I’m sorry I haven’t written in a while.

No point in excuses, life gets the better of me too often and I need to get my shit together.

I cannot stop listening to a song, and thus, as an ode, it is featured in the title. Which of course makes one think of bicycles.
I haven’t ridden a bicycle since I was wee but a young-ling.

I used to have a bright blue bicycle. It didn’t have tassles, and I am fairly sure it said something like ‘SuperMax’ or ‘BadBoy’ on the side, because there are no gender appropriate blue things for girls. And blue was always my favourite colour.

I remember learning to ride that bike. I’m fairly certain there’s still a scar on my knee from a bad fall or a graze or two or three.
But there was one afternoon, with my whole family watching that we took those training wheels off. And I rode that bike. Down the street, and up the street and in circles on our very small driveway.

I don’t know when I stopped, but I do know I haven’t ridden one since. But hey, apparently I can pick up right where I left off and no one will be any wiser.
And so it is with writing.
Except I really shouldn’t miss Letter Days.

So let’s see if I can keep writing Letters then. Consistency and shit

As you know, a big thing is happening. I mean its THE Thing. But I’m also fully aware that in the future it will be one of the big things in my life. Just one of them. Just A Thing. (God, why can’t I be happy about one thing for the short time it’s worth being happy over?) And that’s okay. But I get to be capital E Excited about it.

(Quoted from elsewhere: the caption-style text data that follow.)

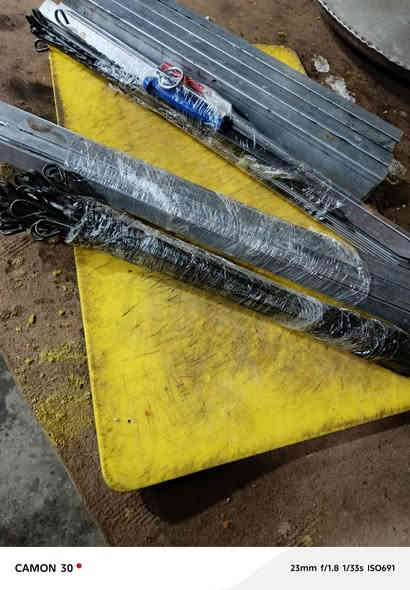 عدة مشاوي كاملة للبيع
تخته + شياش كباب فافون

شياش معلاك + مساطر كباب

+بعض النواعم
السعر : 45 ألف 
📞 ***********
متوفر واتساب 
المكان كربلاء كربلاء
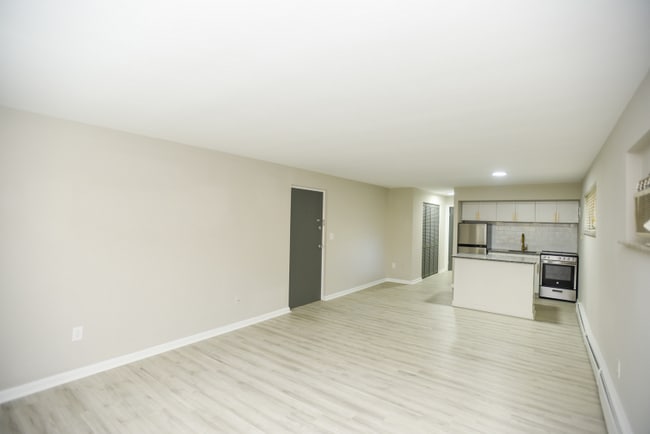 Building Photo - 3534 Zumstein Ave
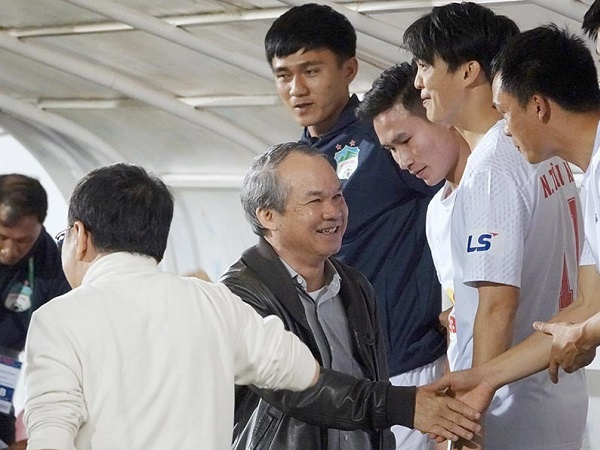 HAGL lỡ hẹn xưng vương V-League: Chắc gì bầu Đức không tiếc...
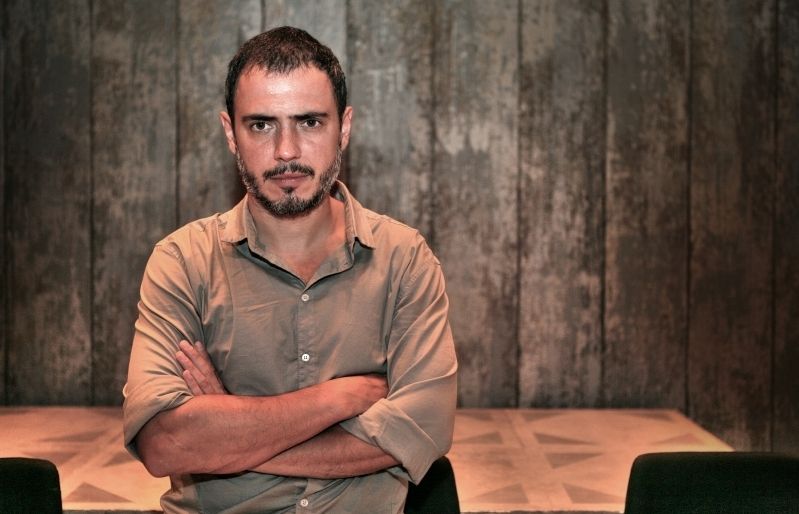 Julio Manrique durant la presentació amb artistes al Teatre-Auditori. FOTO: Artur Ribera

I’m going to be studying how to be a Vagina Science Wizard.

And I’m hella excited.

And I know you know. And I cannot express my gratitude to you.
It’s special having a friend over the equator, someone who genuinely cares and gives a shit about you.

Because really the world doesn’t give a damn.

I went to the park with my brother today. We had ice cream. And we had a smoke. And we sat in my car and watched the road beyond the park.
And in all of those speeding cars was someone, or sometwos, and all of them were feeding into the societal grind.
And then being the morbidly morbid people we are, we both kind of looked at each other, and I know we thought the same thing, because the truth is this: if by some horrible twist of fate (touch wood) you died today, all of those cars and all of those someones and sometwos would carry on.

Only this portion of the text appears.